Alibaba Wants a Connected Car Too

Following on the heels of Baidu is another Chinese internet giant about to venture into the world of connected cars. Alibaba Group Hold...


Following on the heels of Baidu is another Chinese internet giant about to venture into the world of connected cars. Alibaba Group Holding Ltd, the largest e-commerce company in Asia, is entering a joint venture with China’s largest automaker, SAIC Motor Corp., to develop a car that could be available as soon as next year.

Both of the Chinese giants will jointly invest a billion yuan (US$1.6 million) to develop and operate the web-enabled car; Alibaba will use its expertise to integrate maps, communication, entertainment and cloud computing services into the “car on the Internet”. 

“In the age of the Internet economy, cross-boundary integration has become an inevitable trend,” according to a statement by SAIC. “The cars of the future must be Internet-oriented.”

The Chinese government has been encouraging companies outside the auto industry to join forces with conventional car manufacturers, to engender innovation and stir up competition in the auto industry. And the call to arms seems to be working: the country’s largest search engine operator, Baidu, confirmed last July that it is working on an autonomous car slated for a 2015 reveal; Leshio Internet Information & Technology Co., manufacturer of internet TV’s, spent the past year developing a connected car and had said that it would invest billions of dollars to do so. In other parts of the world, Google Inc. said that it is pushing to have its self-driving vehicles plying the public roads within the next five years; and the rumour around the town called ‘the Internet’ says that Apple Inc. is aiming to put its own electric car on the road by 2020.

China is not forgetting the third vital element in the mix – the infrastructure. Last October, China Mobile and Germany’s Deutsche Telekom inked a deal to create a platform for web-connected cars in China; the latter will share its technology for machine-to-machine communication while the former will provide the network. Telco equipment producer, Huawei, is working towards the so-called fifth generation mobile network, a technology still in such early stages of development that its definition is still vague; according to Huawei deputy chairman Ken Hu’s definition, 5G will allow for connections of more than a 100 billion devices at speeds of up to 10Gbps and the company has allocated at least US$600 million for R&D.

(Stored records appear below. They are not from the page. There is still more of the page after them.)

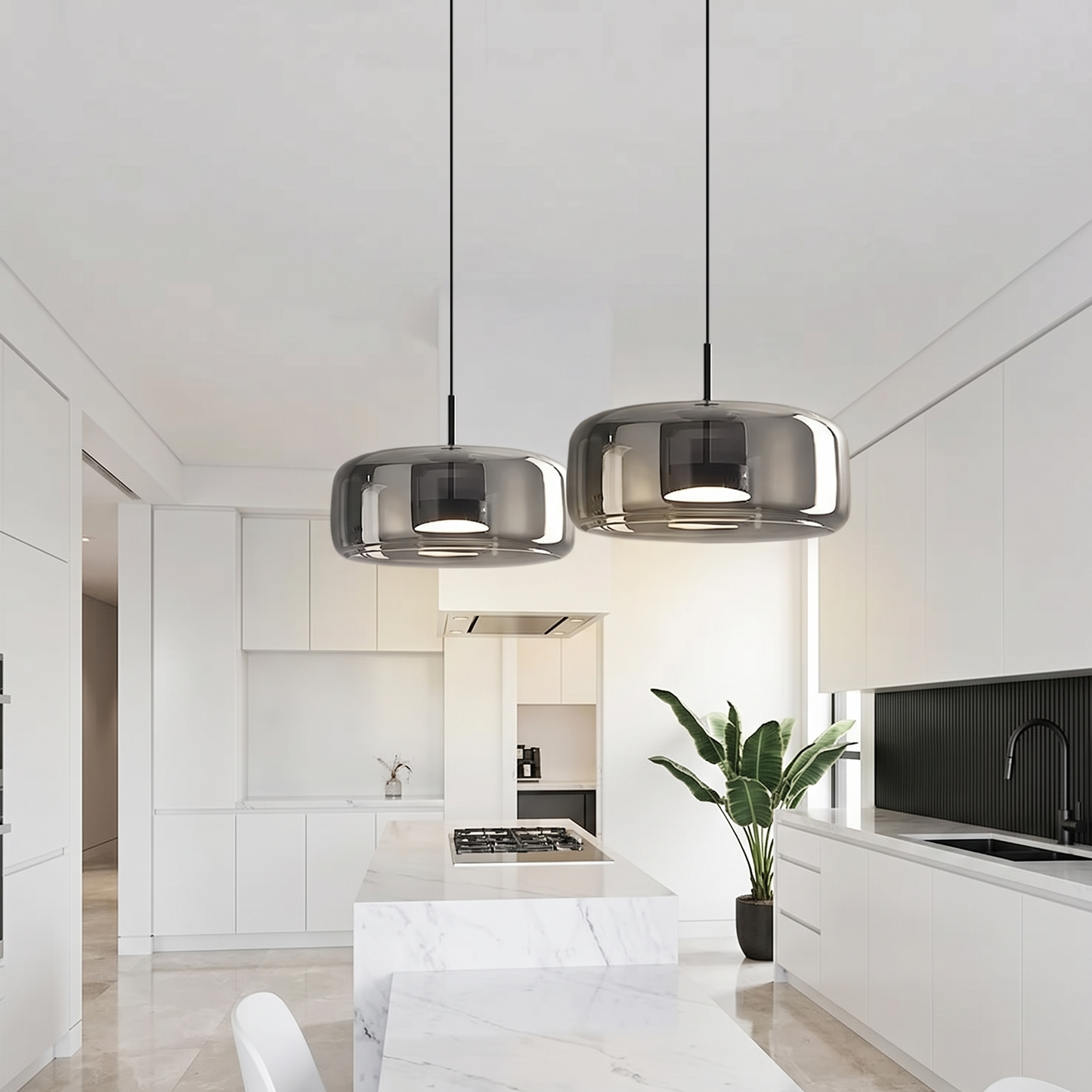 Elegant Glass Pendant Light | Modern Kitchen Pendant Lighting with Dimmable Feature | Stylish Design for Kitchen Island Ambiance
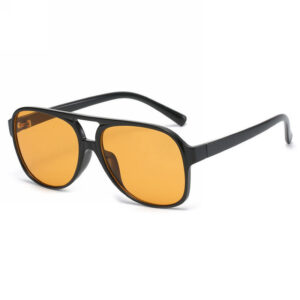 Vintage Square Oversized Pilot Sunglasses Black/Orange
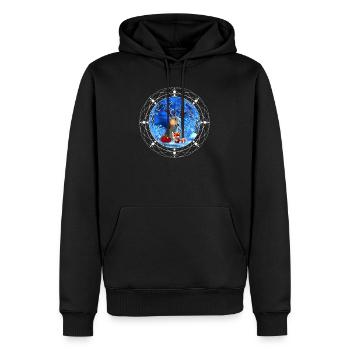 Das kleine Rentier und der niedliche Fuchs wünschen dir einen Teufel - Männer Premium Bio Hoodie - Schwarz - Vorne - Nico (187cm)
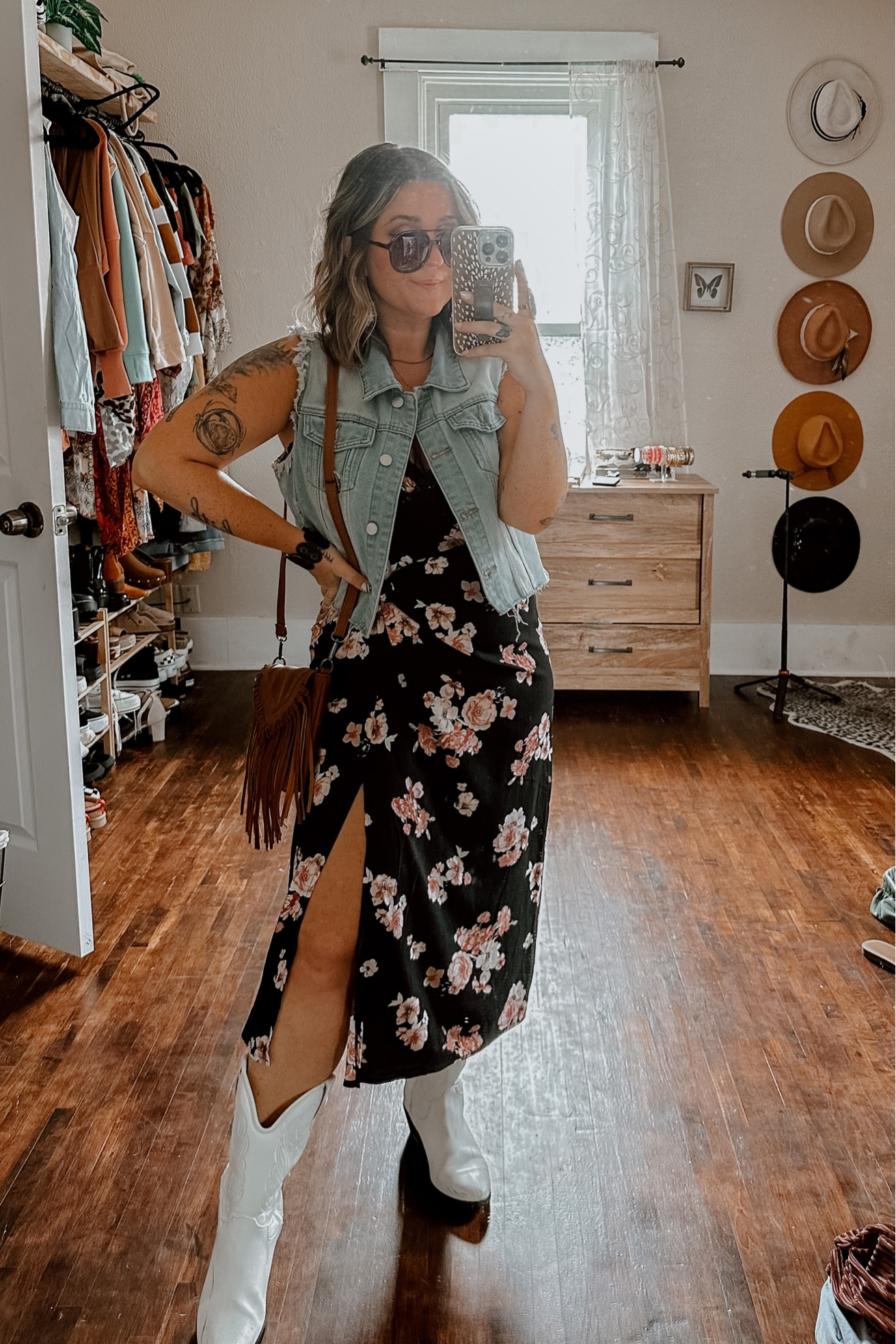 Girls night outfit! Walmart dress slip dress with denim vest and white cowboy boots! Wearing this for girls night tonight while I’m feeling a little bloated to feel comfy and cute!

#LTKstyletip #LTKSeasonal #LTKFind
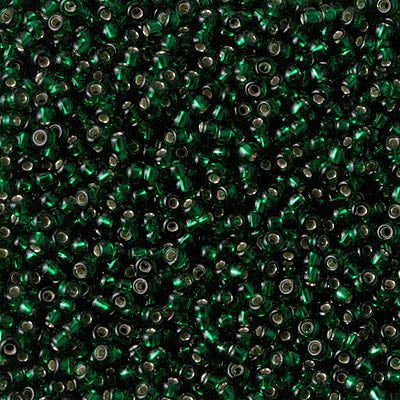 MIYUKI #11 Seed Bead - 11-27 Silver Lined Dark Emerald - 10 gms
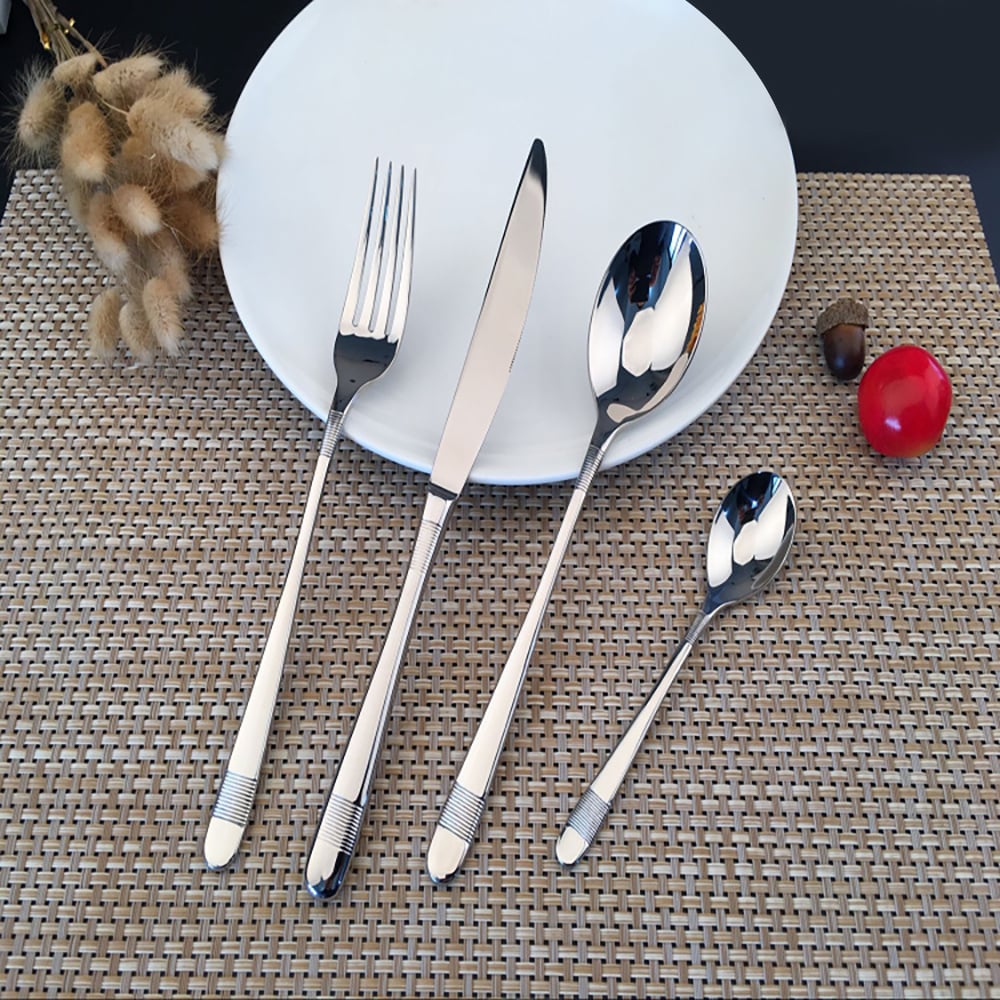 16 Pieces Stainless Steel Flatware Set Cutlery Set, Service for 4 window image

And a stable, heavy-duty network is certainly needed. Today, the number of cars with networking features is minuscule – only about 8% in the entire world, according to consulting firm, McKinsey. By 2020, however, it predicts that about a quarter of all cars – mostly from the higher end - will be connected. BMW, for instance, had begun embedding SIM cards in all its new cars since last year.

That’s good business for providers of services and hardware related to in-car connectivity. A report by GSMA, the trade body of mobile operators, predicts that revenues from these will treble in five years and will become a US$39 billion industry by 2018. That’s a lot of money to be made for those who have the foresight, and maybe that’s what Alibaba and the lot of them have.